Good Morning Gentle Readers,
Although this was written seven months ago, it languished in the draft box until I realized this morning that this was supposed to be up back in July. Hmmm. Our policy is to always blame the computer, so there ya have it. Old news is better than no news I suppose.
Traditionally small 'C' and 'S' corporations have, for the most part, escaped close scrutiny by IRS because it has been far more cost effective for the IRS to focus on higher income Schedule C filers.

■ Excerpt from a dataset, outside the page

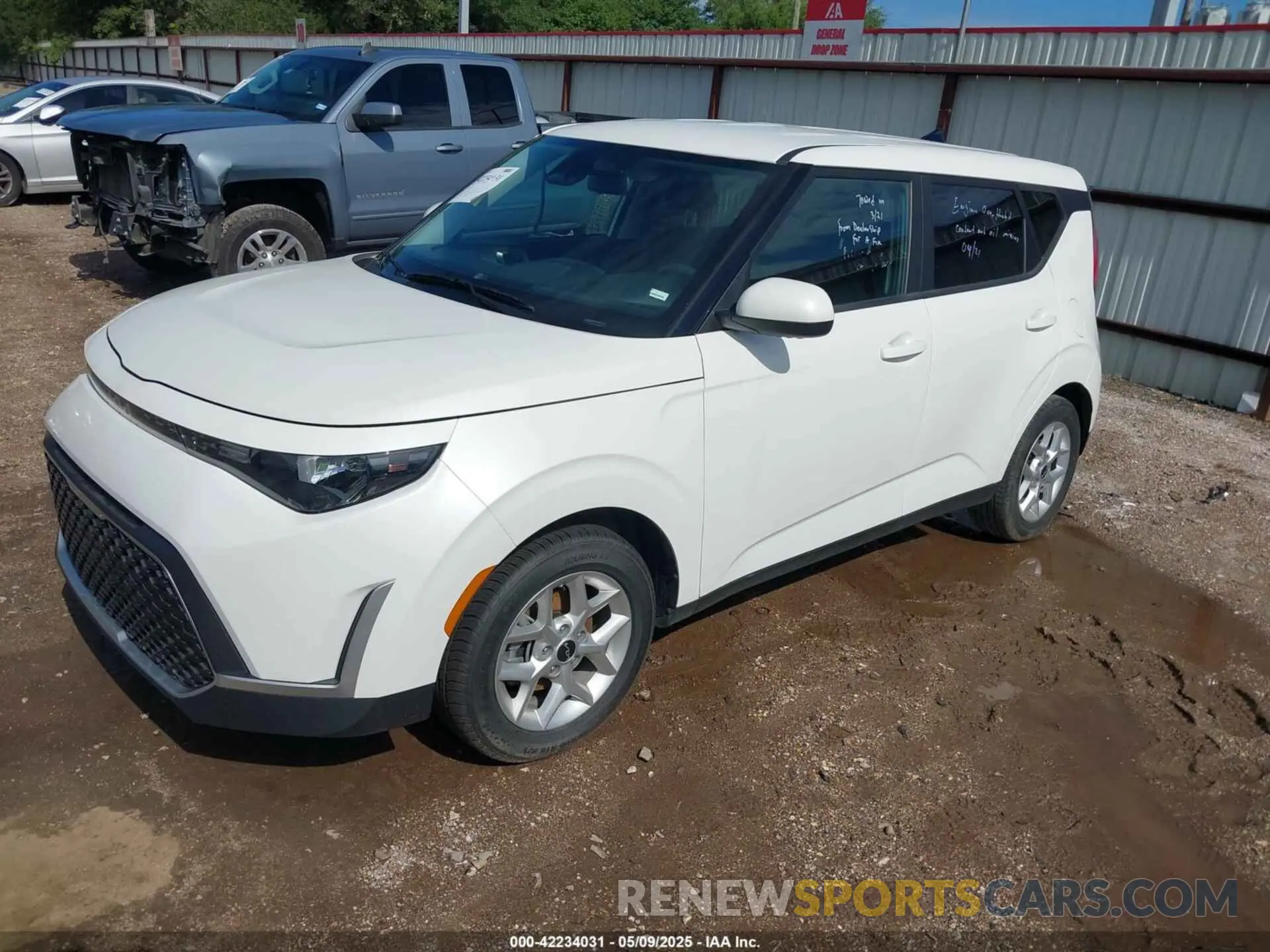 2 fotografías del automóvil dañado KNDJ23AU8P7861431 KIA SOUL 2023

Today, about 60% of all corporations in America are 'S' Corporations and the IRS has decided to take a harder look at a few of them. Five thousand of them to be precise. In the overall scheme of sheer numbers, that isn't a huge uptick in the risk of audt to the average 'S' corporation, but those who get the nod will find themselves in for a treat as this is a research project.

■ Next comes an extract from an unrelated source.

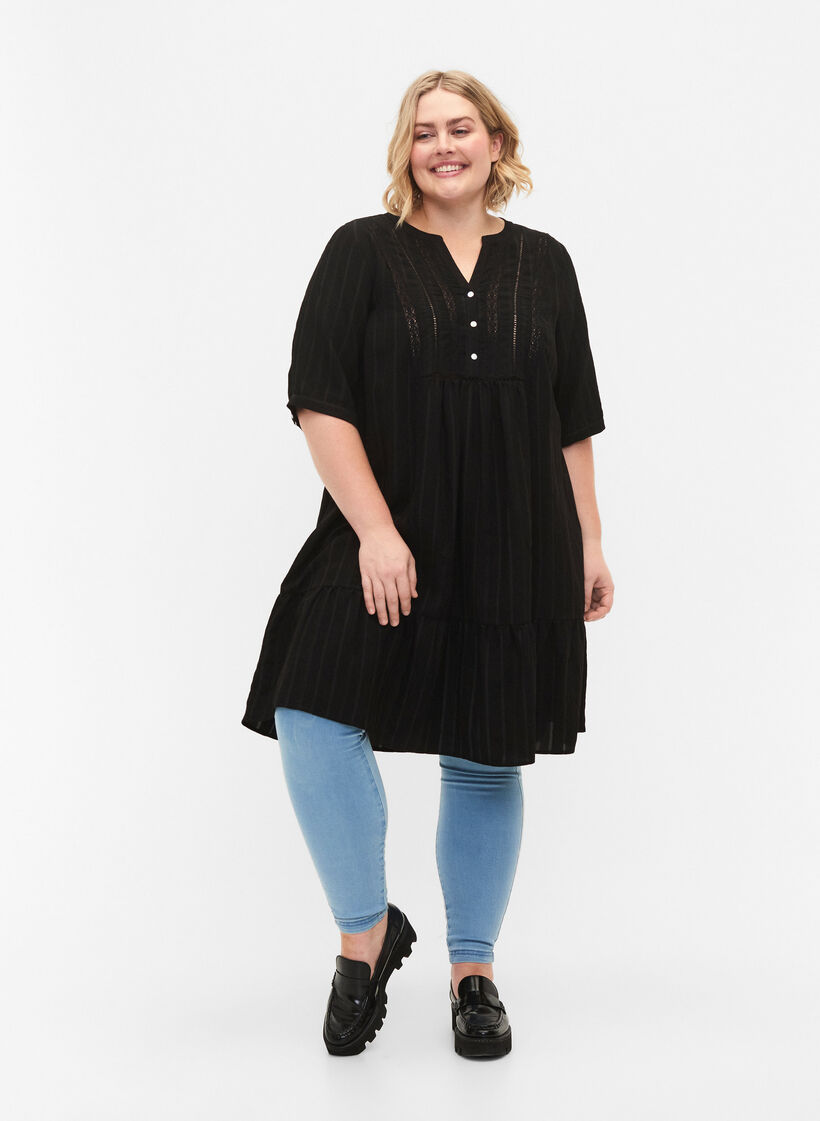 Stripete viskosekjole med blondebånd, Black, Model image number 2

"The use of S-corporations has exploded," said IRS Commissioner Mark Everson. "The IRS needs a better understanding of what this means for tax compliance."
A similar study of individual tax returns determined that taxpayer chicanery in 2001 ensured that an estimated 350 billion dollars stayed in the hands of those who earned it instead of being shoveled into government furnaces in DC.
It is pretty much a given that one signficant focus of these random audits will be owner/stockholder compensation. If the owner/stockholder works for the 'S' corporation he or she must receive a salary. That sounds like a given but because of the quirky nature of S corporations, (dividend) distributions are not subject to social security (self-employment) taxes. I was trying to get that last sentence into English and what it boils down to is that when you take money out of the S corporation it is treated like a draw from a partnership or a sole-proprietorship, but in reality the profits are what is distributed and those are taxable but unlike a partnership the profits are technically dividend distributions and therefore are not subject to self-employment (social security tax). Not surprisingly, there is an exploitable incentive there and owner/stockholders have used that to their advantage over the years often saving as much as ten thousand dollars a year per owner in self-employment tax. IRS doesn't like that and insists that there has to be reasonable salaries paid to owner/stockholders.
Our compromise is to peg the salary at say $40,000.00-$50,000.00 per year, which still saves thousands in self-employment tax. Disclaimer: no guarantees that this strategy will work every time and the specifics are beyond the scope of this discussion.